Exercise goal →
Copy every entry verbatim and skip the pictures.

Material supplied →
※ ※ ※

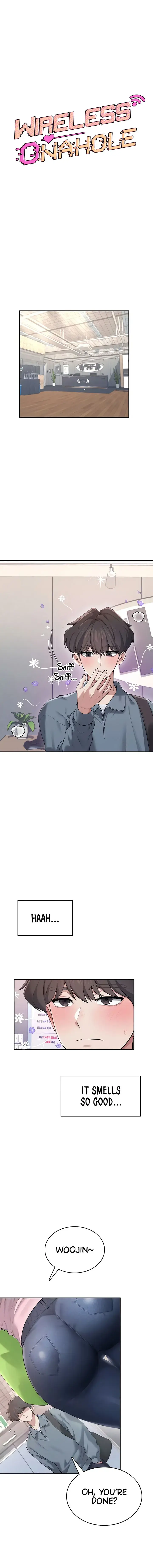 Wireless Onahole Episode 37 - Page 3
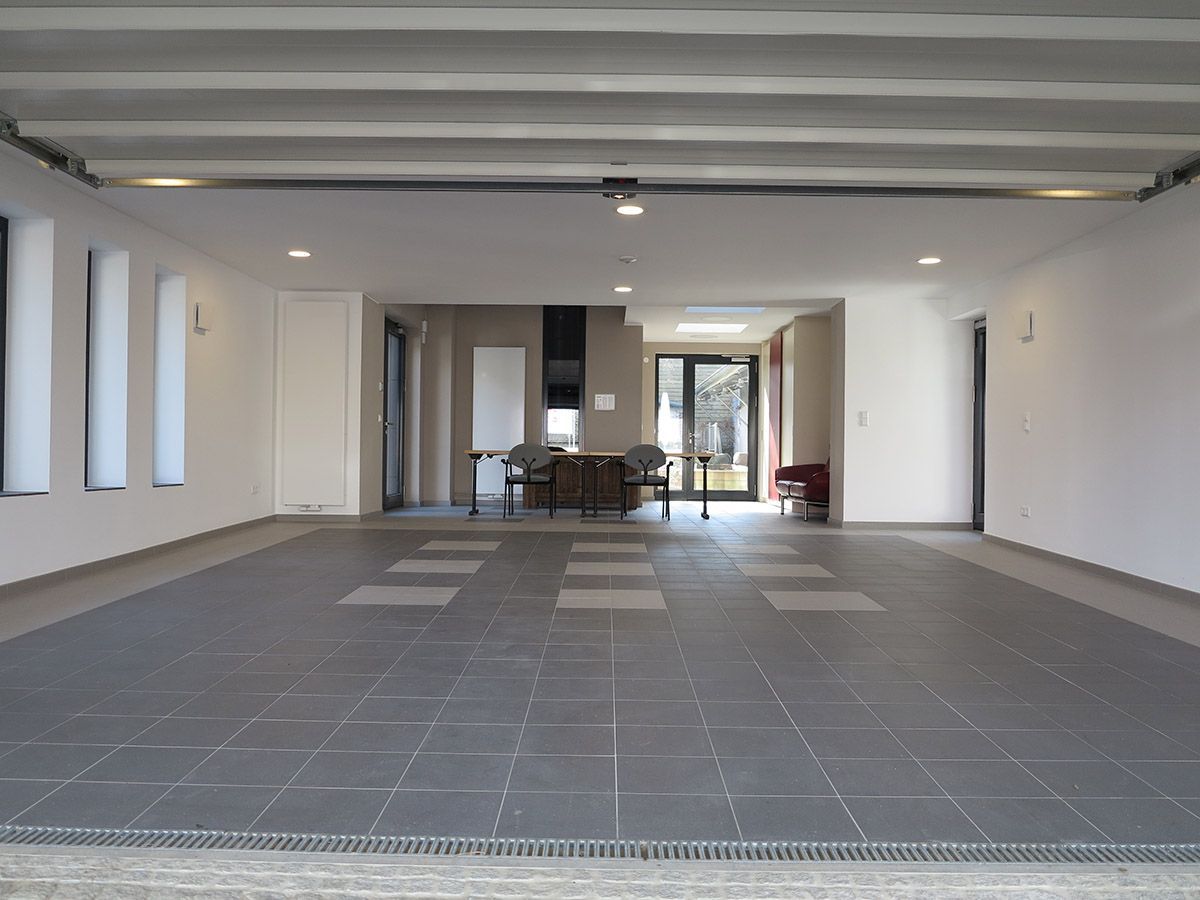 Sanierung Villa H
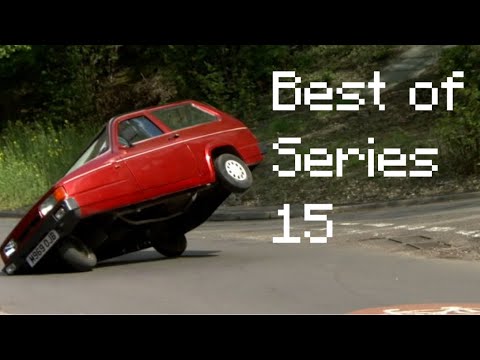 Best of Top Gear - Series 15 (2010)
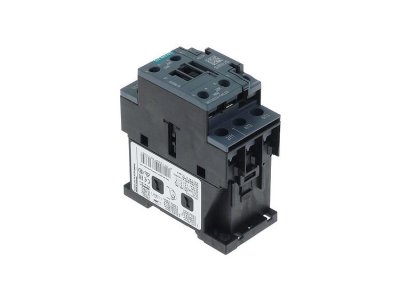Power contactor Siemens 3RT2023-1AL20 AC1 40A 3NO (AC3/400V) 9A/4kW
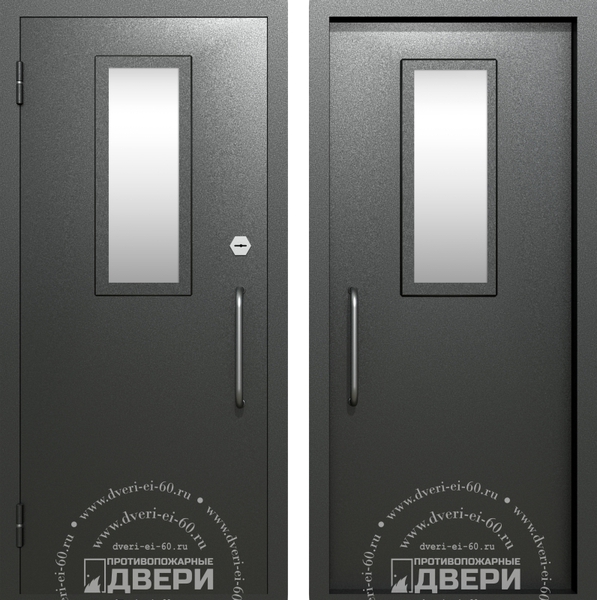 С двух сторон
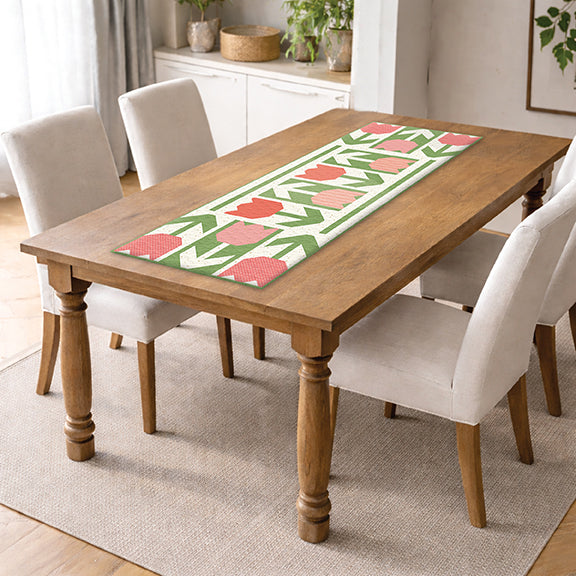 Riley Blake 2027 Table Runner Kit of the Month Club – 12 Monthly Table Topper Kits – First Kit Ships January 2027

※ ※ ※

Response to the task →
 Wireless Onahole Episode 37 - Page 3
 Sanierung Villa H
 Best of Top Gear - Series 15 (2010)
Power contactor Siemens 3RT2023-1AL20 AC1 40A 3NO (AC3/400V) 9A/4kW
 С двух сторон
 Riley Blake 2027 Table Runner Kit of the Month Club – 12 Monthly Table Topper Kits – First Kit Ships January 2027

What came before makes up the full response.